Goldman Sachs Foundation: Grants for Higher Education

OVERVIEW: Goldman Sachs's higher education grant funding prioritizes providing entrepreneurs with educational opportunities to help them flourish in business, including a program dedicated to women entrepreneurs.

IP TAKE: Goldman Sachs has developed partnerships with many colleges across the United States, but it does not accept unsolicited proposals and is not transparent about what it seeks in partner schools. 

PROFILE: The Goldman Sachs Foundation was established in 1999, the year the investment bank went public. It focuses on “helping women, small business owners, and the betterment of communities.” The foundation’s grantmaking programs support 10,000 small businesses, 10,000 women, the environment, veterans, and local communities.

The Goldman Sachs Foundation conducts its grantmaking to higher education through its 10,000 Small Businesses program, which supports business educational programs at colleges and universities across the United States. The small business program seeks to help found 10,000 small businesses, and has continued to invest in and grow the program. Since the program's inception, Goldman Sachs has developed partnerships with colleges and universities at all levels, from Ivy League schools to small community colleges. The foundation maintains a current list of capital and education sites. The 10,000 Small Businesses program also supports entrepreneurs by offering an intensive training program through partner colleges and universities, and by providing business assistance services and a pool of financial resources. Reporting is also built into the foundation's goals, as it closely tracks the success of business owners involved in the program.
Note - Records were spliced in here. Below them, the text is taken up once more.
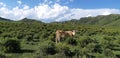 A cow standing on the grass against a background of mountains, sky, trees, and a herd of cows in the background. Royalty Free Stock Photo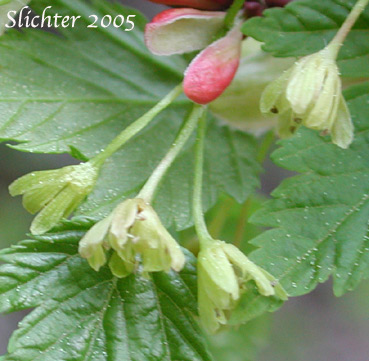 Flowers of Douglas Maple, Rocky Mountain Maple: Acer glabrum var. douglasii (Synonyms: Acer douglasii, Acer glabrum ssp. douglasii)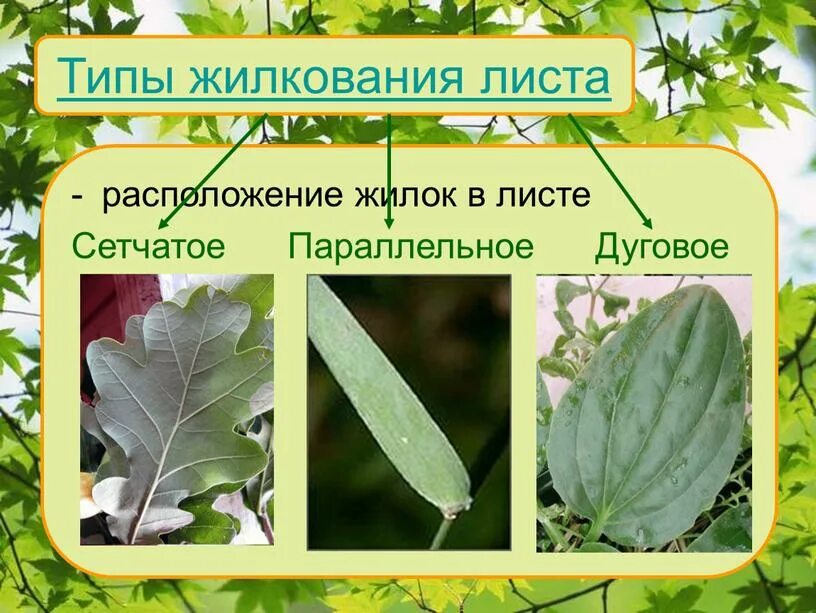 Особенности внешнего строения листа картофеля. Жилкование листа инжира. лист инжира жилкование листа. жилка листа. расположение жилок на листе.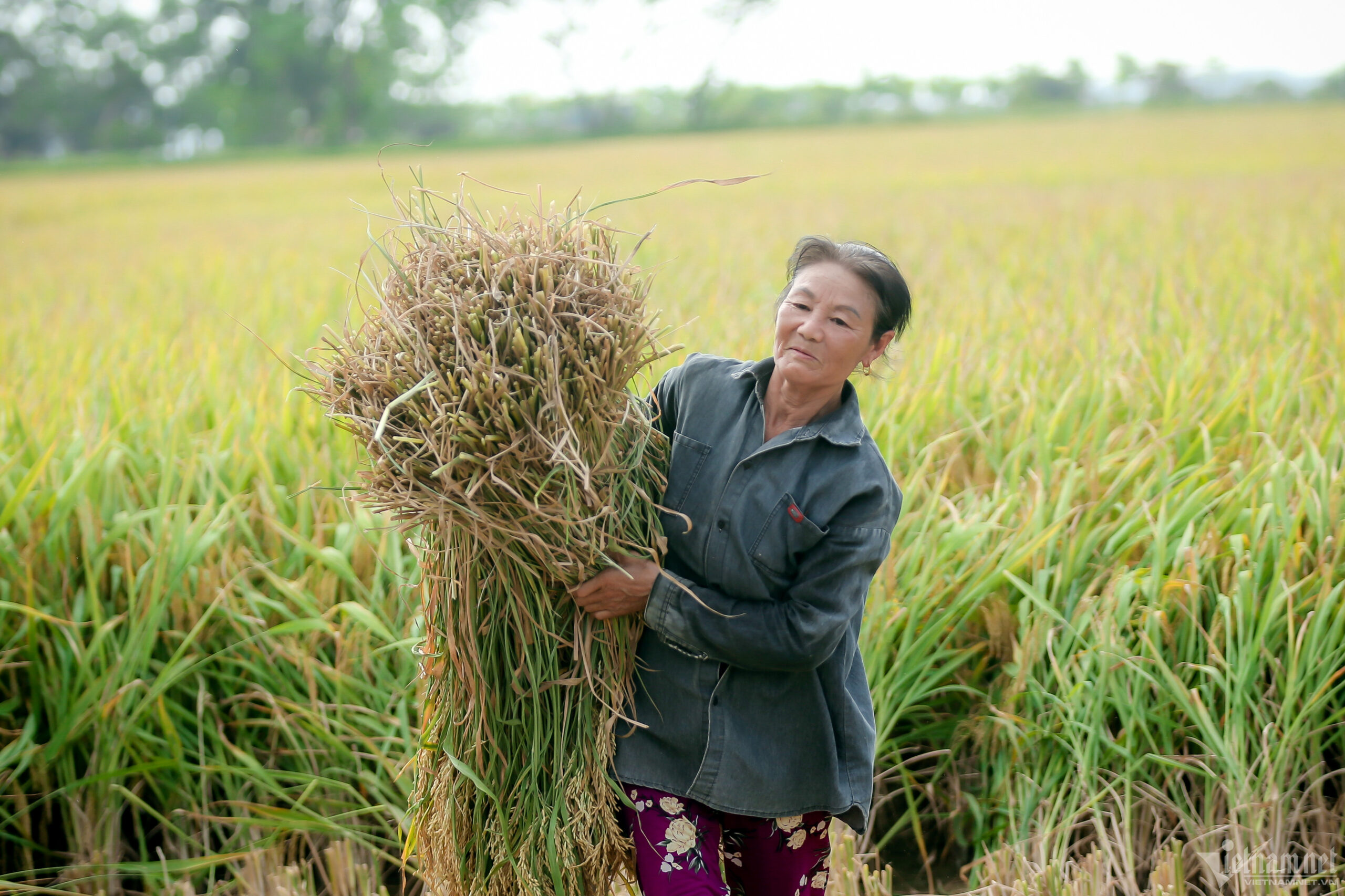 Dự án đảm bảo nguồn lợi nhuận cho người dân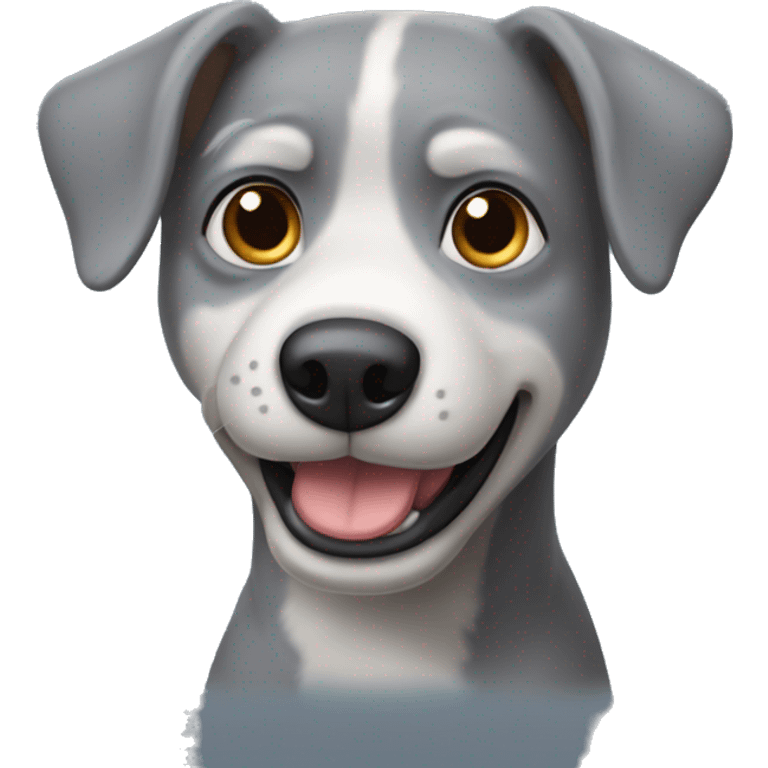 Pedro the gray dog emoji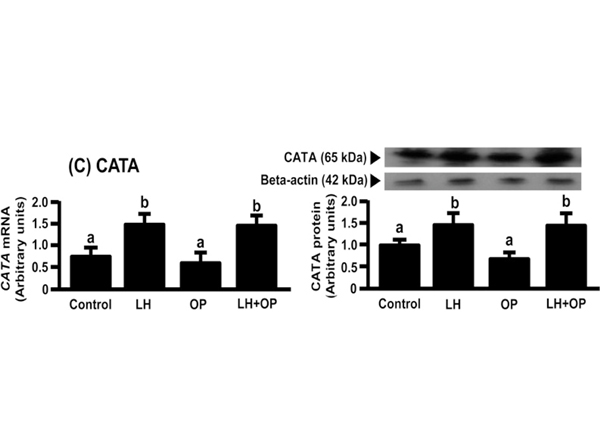 Western Blot using Catalase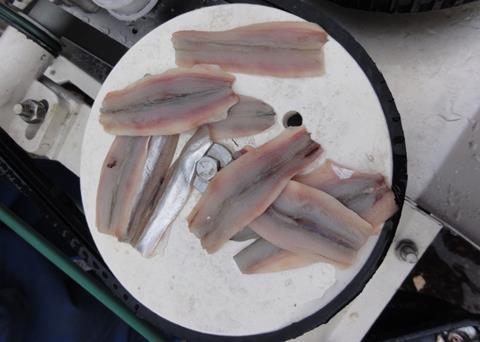 Fillets of block frozen and defrosted capelin about 60 fish per kilo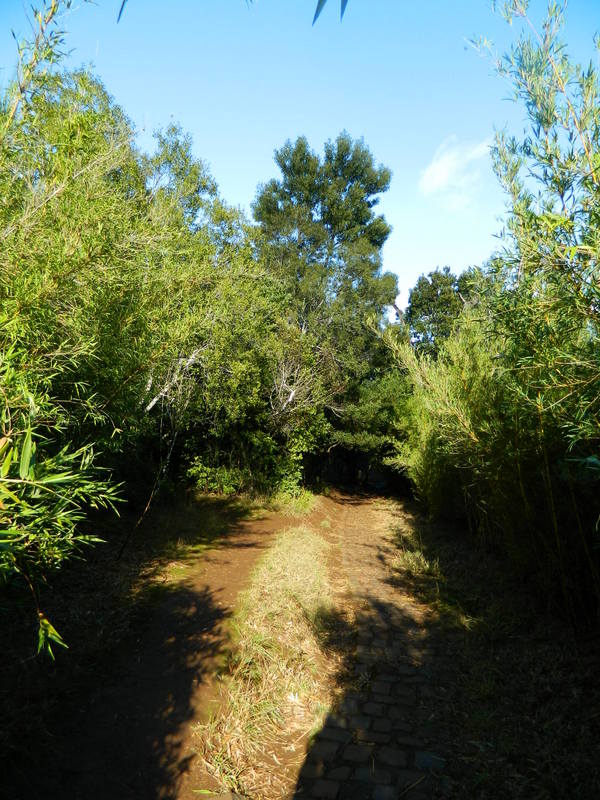 Foto: Temuco - Temuco (Araucanía), Chile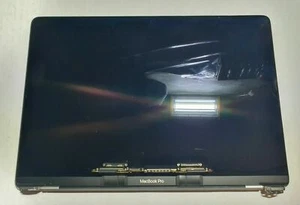 Genuine MacBook Pro 13 A2289 A2159 A1989 2018 2019 2020 LCD Screen Gray Grade B - Afbeelding 1 van 8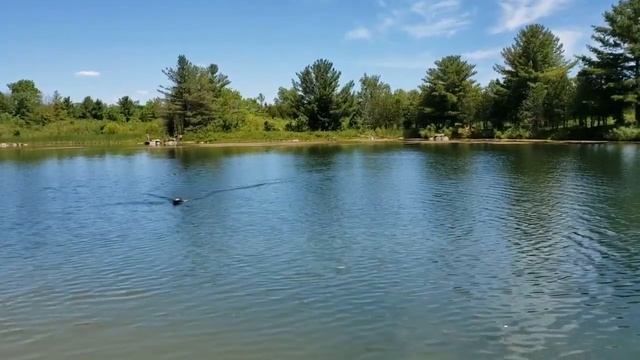 Автопилот на кораблик для рыбалки, первый запуск. смотреть онлайн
10,000 Women is another signature Goldman Sachs Foundation program, similar to the small business program. 10,000 Women provides training, financial support, and business services to female entrepreneurs with a focus on international and emerging markets. Many U.S. colleges and universities are involved in the program, and it drives a substantial portion of Goldman's higher education funding. Building on this program,  Goldman announced a collaborative effort with the World Bank to “enable approximately 100,000 women to reach capital” by providing seed funding for the Women Entrepreneurs Opportunity Facility, which it billed as “the first-ever global finance facility for women-owned small and medium enterprises.”

Lastly, there is the Goldman Sachs Gives fund, which is “committed to fostering innovative ideas, solving economic and social issues, and enabling progress in underserved communities globally.” This is a donor-advised fund through which current and retired employees may recommend grant recipients. They do not accept unsolicited applications.

Goldman seeks its partnerships on an invitation-only basis, which suggests that its foundation is not transparent regarding its criteria for becoming a partner school.